Today, the environment is different. The issue is that there is a general sense of foreboding. If this is sufficiently baked into pricing, then it will become a non-issue compared to the unknown unknowns that are not priced in (which could resolve to the better or worse).
However, one reason why I focus on the progression of QT is because it reflects the extinguishment of credit. There’s a couple analogies for this. One is slowly taking oxygen out of a room. Another is a poker analogy, which I will use the reverse – quantitative easing: imagine you are forced to play poker (a zero sum game) with a lot of other participants (every other person in the economy), but the dealer is consistently giving out chips to people (more chips go to the “preferred” participants such as government-connected entities).
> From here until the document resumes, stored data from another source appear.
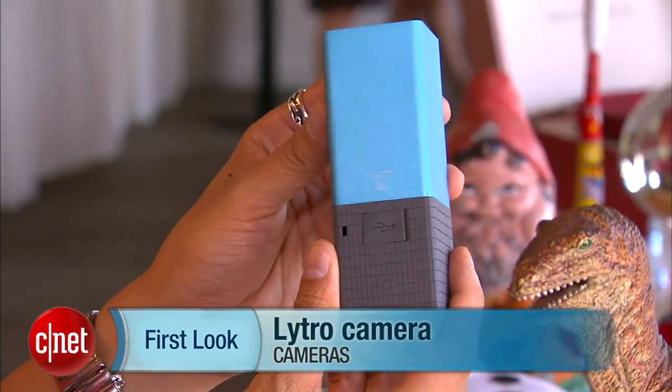Hey guys, Brian Tong here with CNET TV and we have a first look at the Lytro camera. This is the first ever light field camera.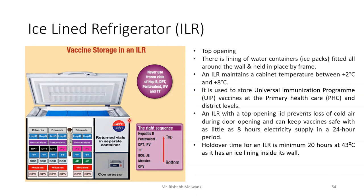Vaccines requiring negative temperatures can be stored in a deep freezer. The ILR is used to store Universal Immunization Program (UIP) vaccines at primary health care (PHC) and district levels. The correct sequence of storing vaccines in the ILR is: OPV at the bottom, then measles, then TT, and hepatitis B on the top.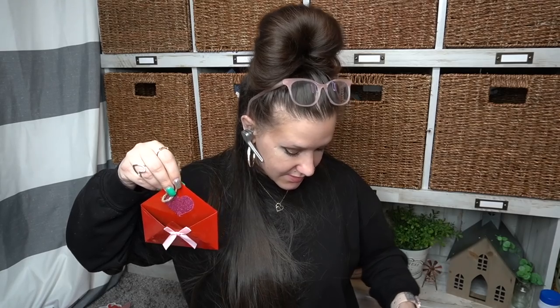Moving on are these cute little teeny envelopes — look how cute they are. My friend Liz from Liz Decal and Decor — if you guys are not subscribed to her, go check her out. She's amazing, her style is amazing, I love her DIYs. She just did a DIY with those, and when I saw them I was like, I don't know what in the world I'm going to do with this, but she did a super cute DIY with them. Definitely go over to check her out.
Eventually handing out these chips will permeate around the table (more likely to yourself if you demonstrate some skilled play in relation to the rest of the competition). With QT, the poker analogy is increasing the amount of “rake” (the amount of chips removed per game as a house take) and a logical consequence of this is that people (and asset prices) should become tighter.
These (QT, interest rates) are knowns, but when does it get to the point where things structurally blow up? Does it? This line of thinking would also suggest that fixed income should do better than not – although let me tell you, the prospect of lending the Government of Canada money for 30 years at 3.12% is distinctly unappealing.